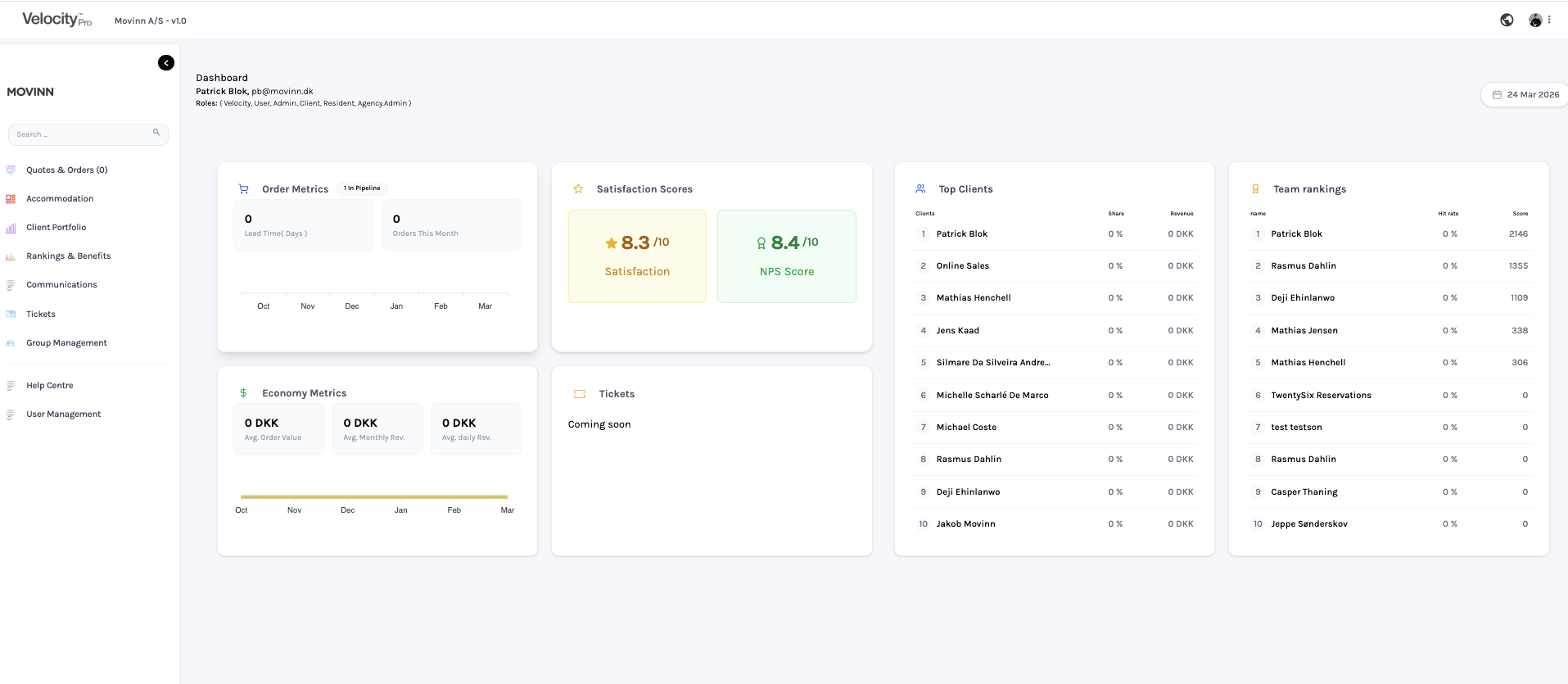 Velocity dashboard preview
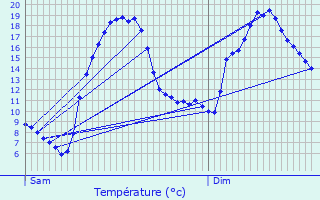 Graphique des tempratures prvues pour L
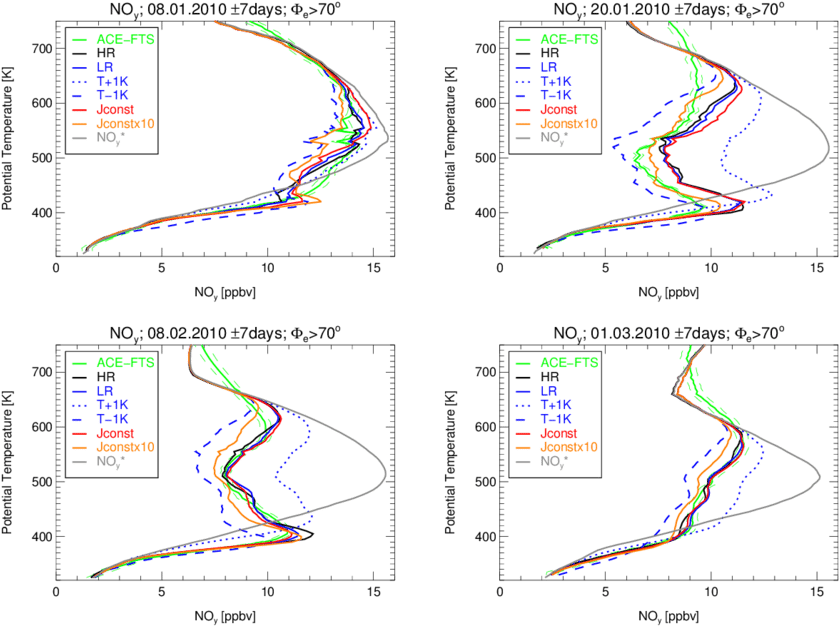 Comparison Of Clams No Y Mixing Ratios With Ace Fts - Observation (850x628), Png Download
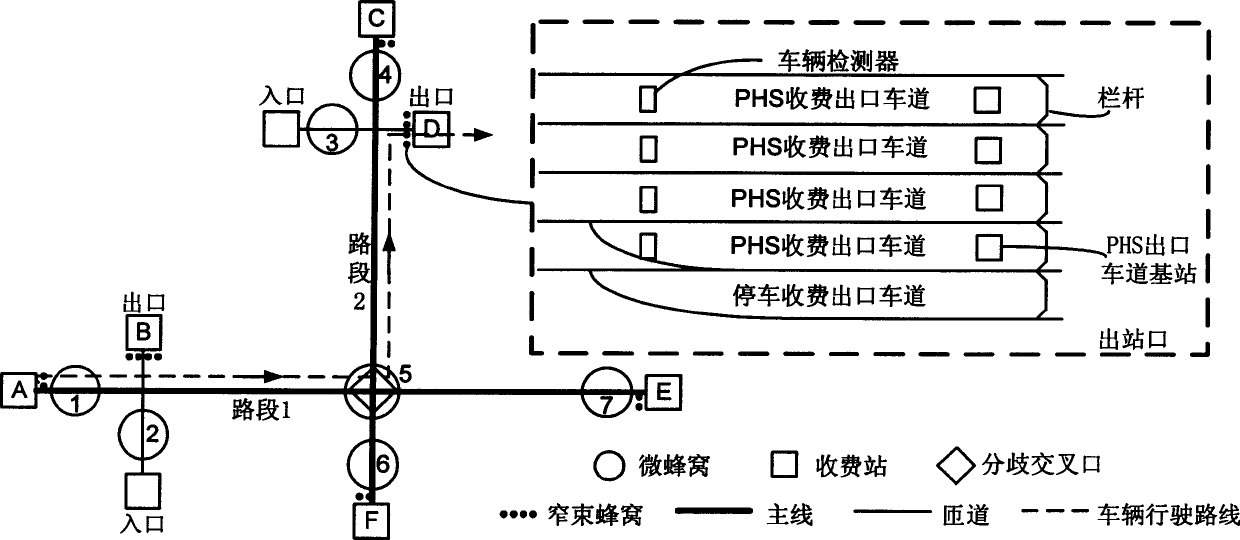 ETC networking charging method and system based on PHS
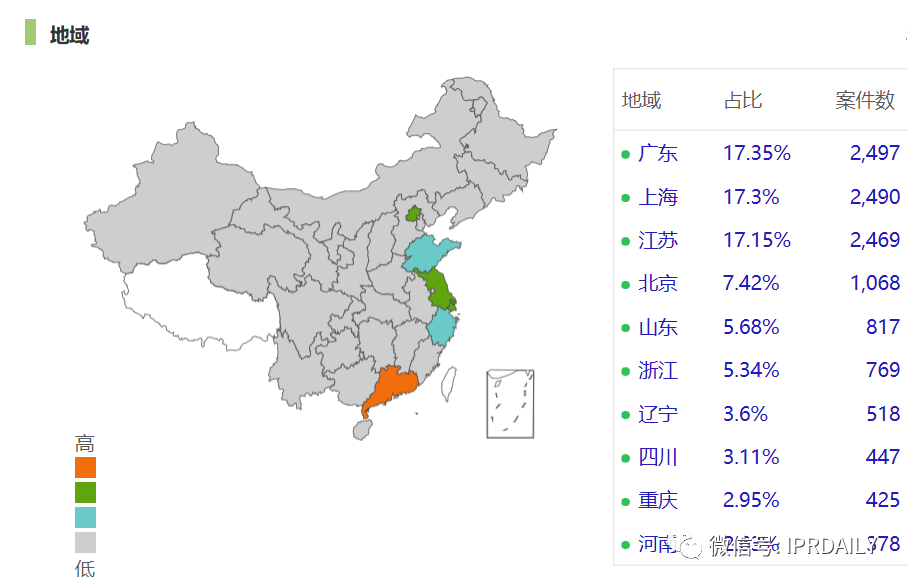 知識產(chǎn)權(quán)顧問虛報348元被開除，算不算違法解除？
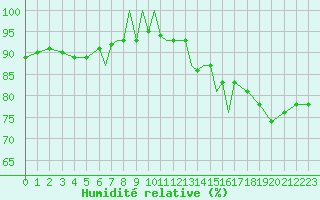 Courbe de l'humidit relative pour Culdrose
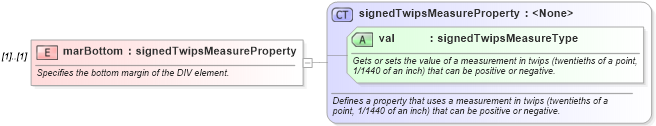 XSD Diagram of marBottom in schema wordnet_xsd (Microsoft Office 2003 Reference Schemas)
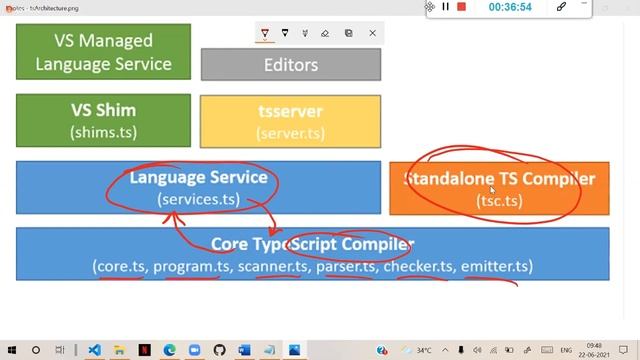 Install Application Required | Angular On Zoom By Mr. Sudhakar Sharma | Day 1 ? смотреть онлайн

___

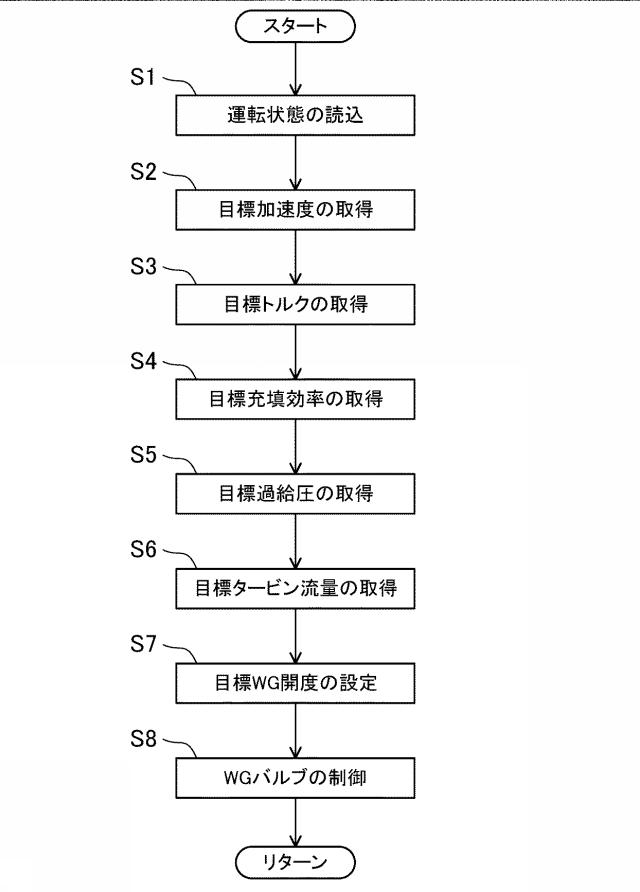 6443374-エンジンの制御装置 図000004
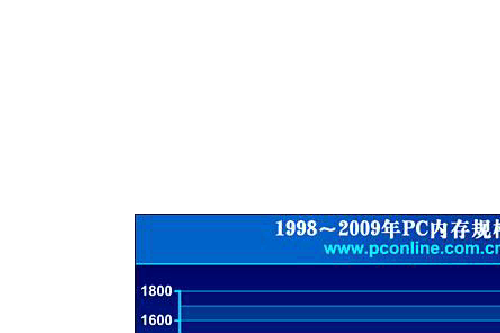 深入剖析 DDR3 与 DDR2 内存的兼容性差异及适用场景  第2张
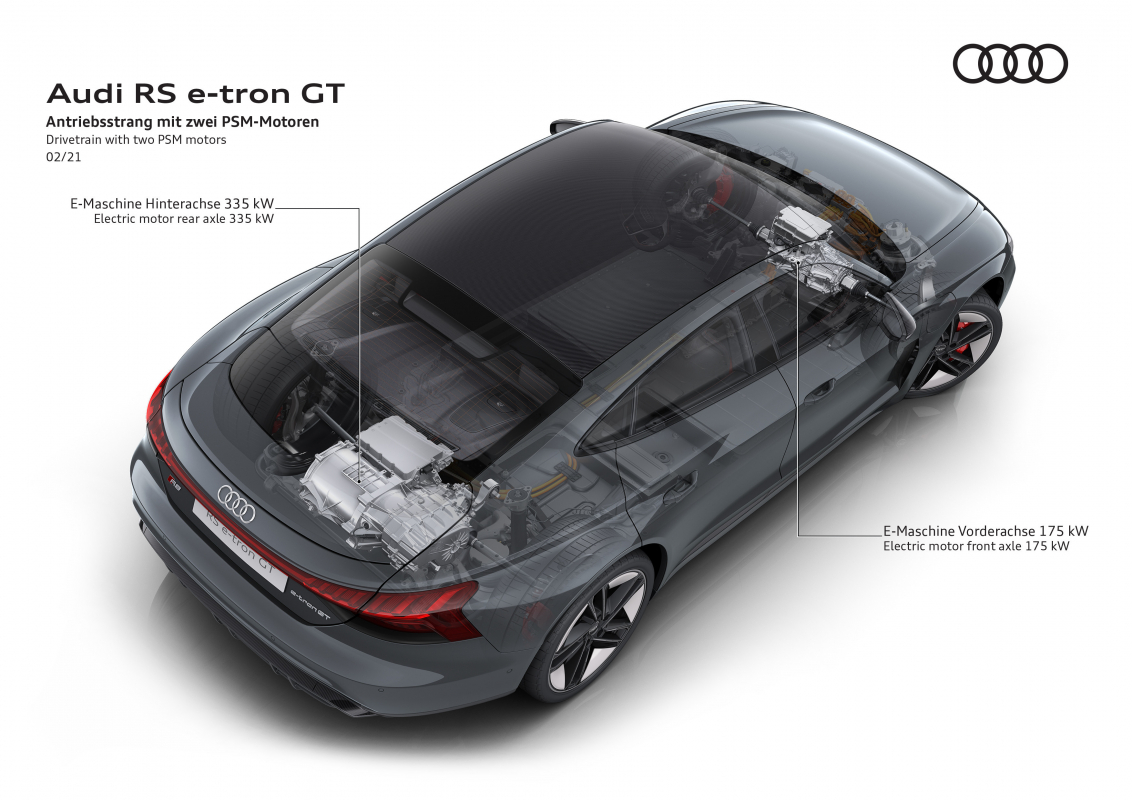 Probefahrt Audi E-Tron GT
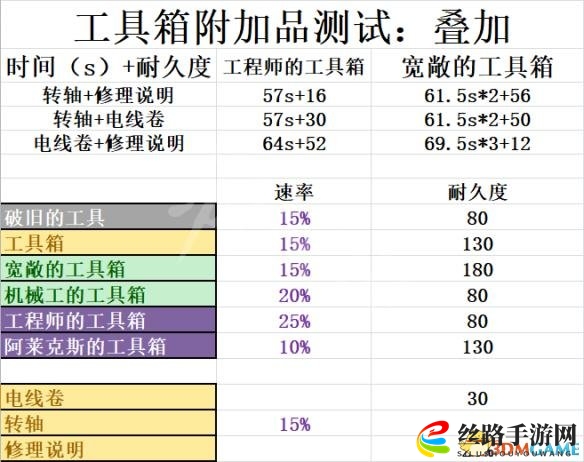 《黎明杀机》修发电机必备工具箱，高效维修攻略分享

___

* **TASK DETAILS**: Using the data above, print only the lines starting at the one with "ETC networking charging" and ending at the one with "Install Application Required", exactly as they stand, minus the pictures.

* **ANSWER**:
 ETC networking charging method and system based on PHS
 知識產(chǎn)權(quán)顧問虛報348元被開除，算不算違法解除？
 Courbe de l'humidit relative pour Culdrose
 XSD Diagram of marBottom in schema wordnet_xsd (Microsoft Office 2003 Reference Schemas)
 Install Application Required | Angular On Zoom By Mr. Sudhakar Sharma | Day 1 ? смотреть онлайн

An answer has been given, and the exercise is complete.